The complaint states that student learning must be a primary focus and educational institutions must avoid “undue influence” that is personal, financial or political. 

The faculty association alleges that “certain members of the college’s current governing board appear to be substantially motivated by ideological or political interests.” The complaint says some board members act on those interests “even when doing so does not benefit students or support the educational mission of the colleges.”

As an example, the complaint says Governing Board member McGrath emailed state legislators in spring 2017 to oppose state funding for the colleges while district officials were requesting that state funding to the colleges be restored. The Arizona Legislature began cutting state funding to the Maricopa Community Colleges during the recession and eliminated funding the colleges from the state general fund in 2016.

McGrath wrote an email to legislators on March 27, 2017, stating the reason the district is asking for money is that “they are miffed at being left out of the budget.” The email details the millions of dollars the college district receives from tuition, property taxes and other sources. 

“Please spend the state’s money where it is needed, not at the community college district in Maricopa County,” the email says.

McGrath is running for re-election on a platform of reducing tuition and lowering taxes. She states on her campaign website that foregoing state funding for the community colleges “allows the state to increase support for K-12 education.”

Concern: Refusal to collaborate, retaliation

The complaint alleges board members aren’t collaborating with faculty as required by board policies.

They provide as an example a March 2017 position paper written by Jeffrey Darbut, vice president of administrative services at Mesa Community College, that offered several recommendations to transform the 10-college Maricopa system into a national leader in higher education.

The document has become known by critics as the “Darbut manifesto” because the governing board has already implemented some recommendations.

The complaint alleges that decisions have been made based on the document that “conflict with or ignore existing processes for obtaining input from stakeholders.” Examples include the administration’s controversial decision to eliminate football after the 2018 season, and a governing board vote to end the “meet and confer” process used to negotiate faculty salaries and working conditions.

Haver told The Republic that the state universities don’t use a “meet and confer” process and cancelling such a policy at the community colleges will increase faculty accountability. That, in turn, is good for students, she said. 

The complaint also accuses the governing board of retaliating against employees.
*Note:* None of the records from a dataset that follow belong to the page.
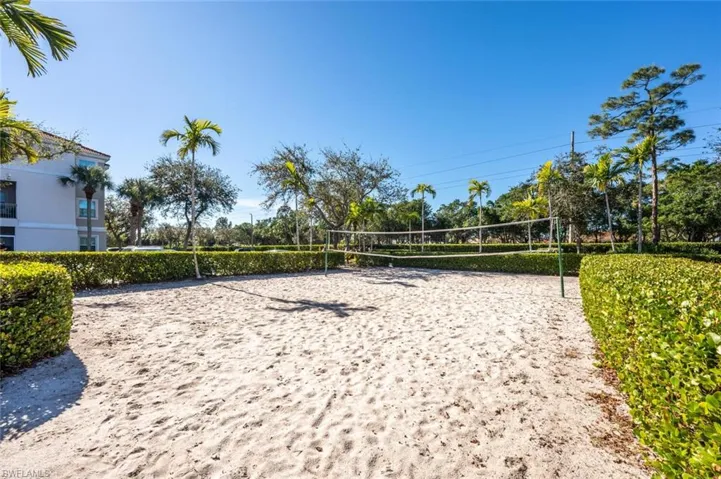 View of home's community featuring volleyball court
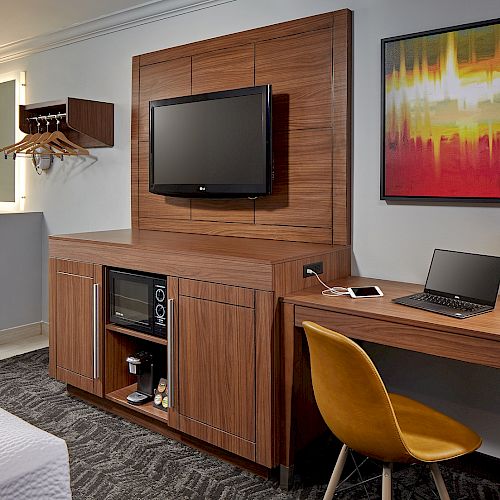 A hotel room with a TV on a wooden cabinet, a desk with a laptop and lamp, a yellow chair, and a framed colorful artwork on the wall.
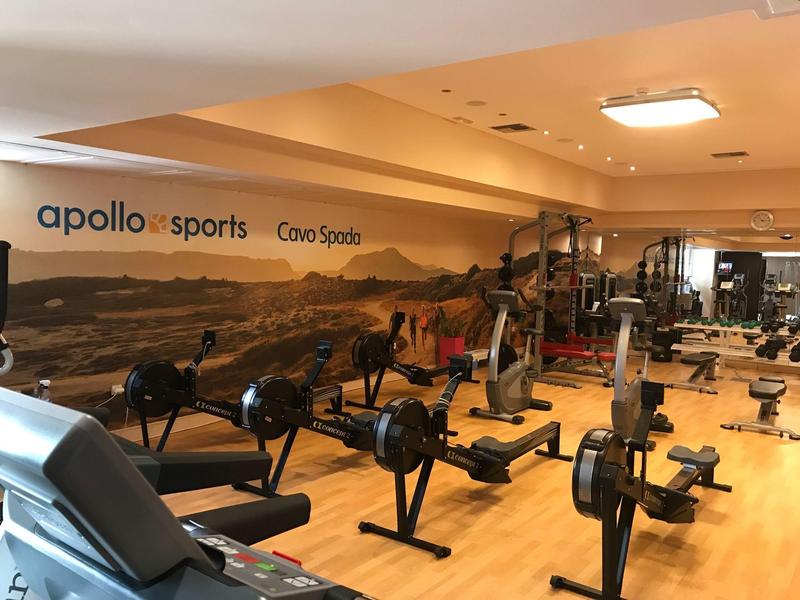 Gimnasio bien equipado con remoergómetros y maquinaria moderna en un hotel.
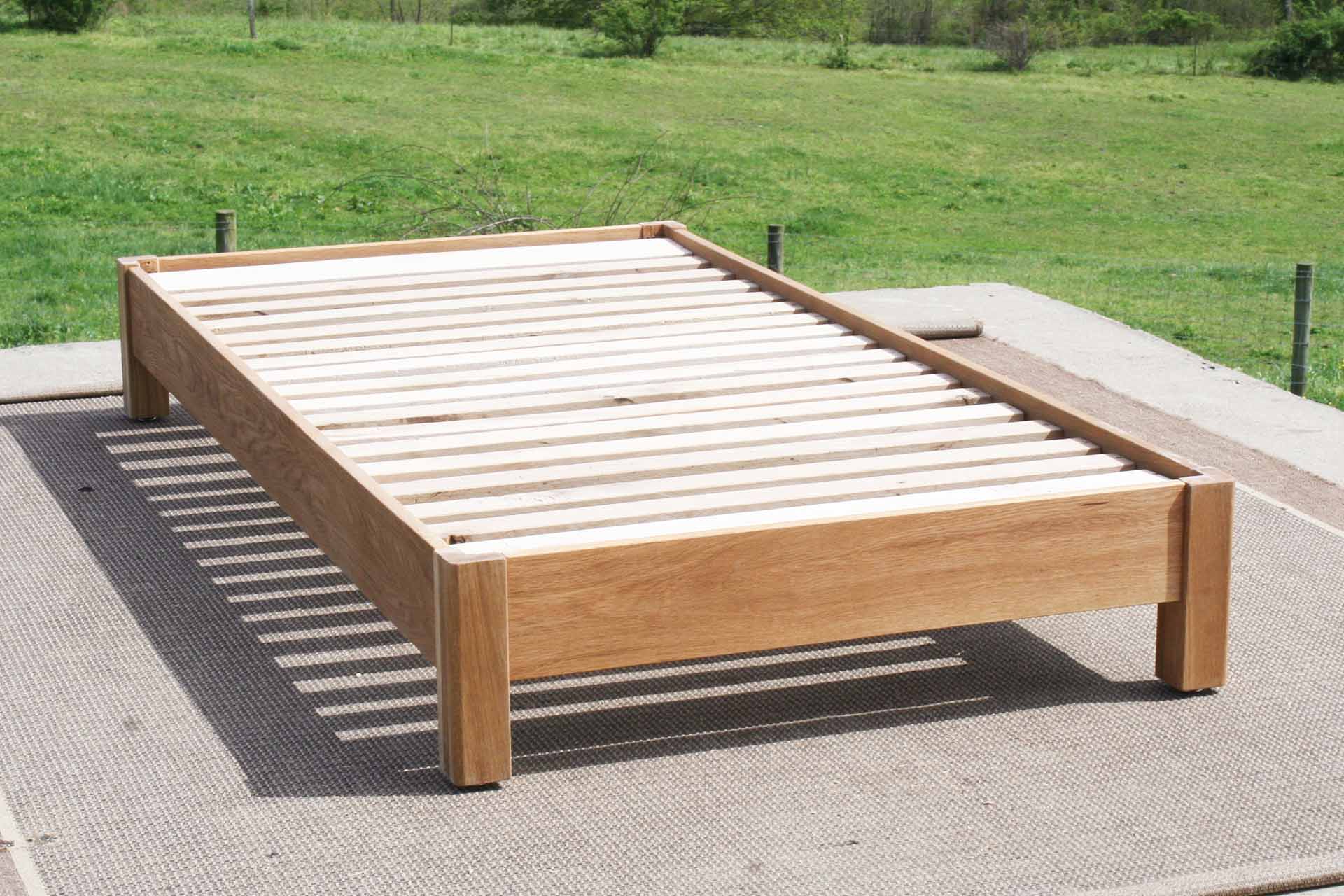 natural storage bed with 6 drawers and angled headboard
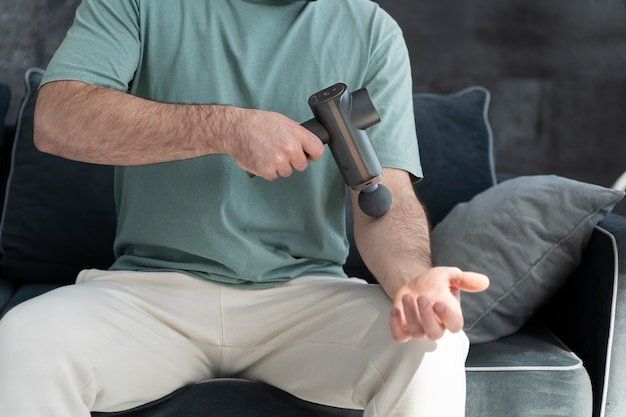 Foto grátis homem de vista frontal usando pistola de massagem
The example given is a decision to dissolve the Classified Staff Council, which represented college staff, after the group’s president, Kris Bliss, brought concerns to the governing board in February 2017, alleging the council’s email was monitored and that policy documents were forged. A subsequent investigation by an outside law firm hired by the district found no evidence of email monitoring or forgery. 

Haver said she doesn’t believe the governing board has overstepped its bounds. 

‘Serious concerns’ about colleges’ functioning

Taken together, the faculty association’s complaint says the allegations “raise serious concerns about the functioning of the Maricopa Community Colleges” and its compliance with accreditation standards. 

It was not immediately clear whether the Higher Learning Commission will investigate, and if it does, what actions could result. 

The group’s website says complaints are forwarded to an institution for a response only if the commission determines the allegations represent “substantive problems.” 

The commission may require the college to do a follow-up report, schedule an evaluation or put the institution on “special monitoring.” These reviews could lead to sanctions, such as a notice that the university is at risk of being out of compliance, or to probation when an institution is out of compliance.

In a worst-case scenario and rare scenario, the commission can move to revoke accreditation if problems aren’t corrected.

Institutions that lose their accreditation risk losing federal funds, and their students may no longer be eligible for federal student loans and grants.